Neuroblastoma is a cancer that arises in immature nerve cells and affects mostly infants and children. The disease often has already spread throughout the body by the time the disease is diagnosed.
The St. Jude strategy represents the successful translation of concepts into a combination therapy that proved effective in laboratory models of neuroblastoma; and that now includes the production of the drugs made to the high standards required for human clinical trials, the researchers say.
Translating this kind of research into the clinic is important because today only 40 percent of children with neuroblastoma can be cured; children who suffer relapses following treatment are virtually incurable. The St. Jude study suggests that the immune system can be manipulated to target cancer cells that have become resistant to traditional chemotherapy.
"This is an extraordinary model for advancing the field of pediatric oncology," said Raymond Barfield, M.D., Ph.D., an assistant member of Hematology-Oncology at St. Jude. "We were able to make rapid progress by doing all the development and production of the antibody on campus. Now we're planning to submit a proposal to the Food and Drug Administration to begin a Phase I trial of this strategy that will permit us to begin exploring ways to use this antibody technique to treat children with neuroblastoma."

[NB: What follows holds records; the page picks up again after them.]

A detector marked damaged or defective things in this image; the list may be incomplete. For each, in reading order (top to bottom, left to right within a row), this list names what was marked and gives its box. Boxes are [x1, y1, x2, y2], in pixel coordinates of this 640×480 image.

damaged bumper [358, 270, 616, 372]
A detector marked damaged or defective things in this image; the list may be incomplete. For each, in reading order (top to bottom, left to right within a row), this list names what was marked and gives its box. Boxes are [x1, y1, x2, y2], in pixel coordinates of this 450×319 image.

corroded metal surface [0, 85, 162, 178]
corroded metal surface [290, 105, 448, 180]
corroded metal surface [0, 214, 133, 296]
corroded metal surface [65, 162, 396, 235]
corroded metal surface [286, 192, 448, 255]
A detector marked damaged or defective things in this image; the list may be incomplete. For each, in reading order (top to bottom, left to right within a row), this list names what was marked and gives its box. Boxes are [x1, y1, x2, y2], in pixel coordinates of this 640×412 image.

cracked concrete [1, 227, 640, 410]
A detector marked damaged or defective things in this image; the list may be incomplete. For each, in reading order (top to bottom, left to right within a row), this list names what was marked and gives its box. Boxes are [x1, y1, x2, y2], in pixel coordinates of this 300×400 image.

The investigational therapy comprises artificial antibodies that tag neuroblastoma cells, immune system cells such as T lymphocytes that attack those tagged cells, and proteins called cytokines that stimulate the T lymphocytes. A report on these preclinical studies appears in the December 1 issue of Clinical Cancer Research.
The St. Jude strategy represents an improvement on a similar technique that showed great promise during clinical trials in Germany and elsewhere, according to Barfield, who is a co-author of the Clinical Cancer Research paper. Prior antibodies caused troublesome side effects, such as fever and pain, which restricted the level of antibody that could be used in the treatment, Barfield said. "However, the antibody we used in our laboratory study appears to be less likely to cause side effects," he said. "That suggests that it could be used in humans at higher levels that may improve the effect of the antibody."
The St. Jude team showed that their treatment could trigger a sustained, highly targeted immune system attack on disseminated (spread over a large area) cancer cells in laboratory models. Moreover, the treatment can be readily transferred to the clinic because each of the three parts of the treatment can be produced at St. Jude at a quality suitable for use in humans, the researchers said.
"Our success with this therapy is especially important because neuroblastoma rapidly spreads through the body, making it difficult to treat," said Mario Otto, M.D., Ph.D., a postdoctoral research fellow at St. Jude. "And many children who are successfully treated suffer a relapse within five years because of the presence of small populations of cancer cells that survive the initial treatment. The question is how to get rid of those few cells that have escaped chemotherapy and can cause relapse. One promising answer is immune therapy that specifically targets these remaining cells." Otto is first author of the paper.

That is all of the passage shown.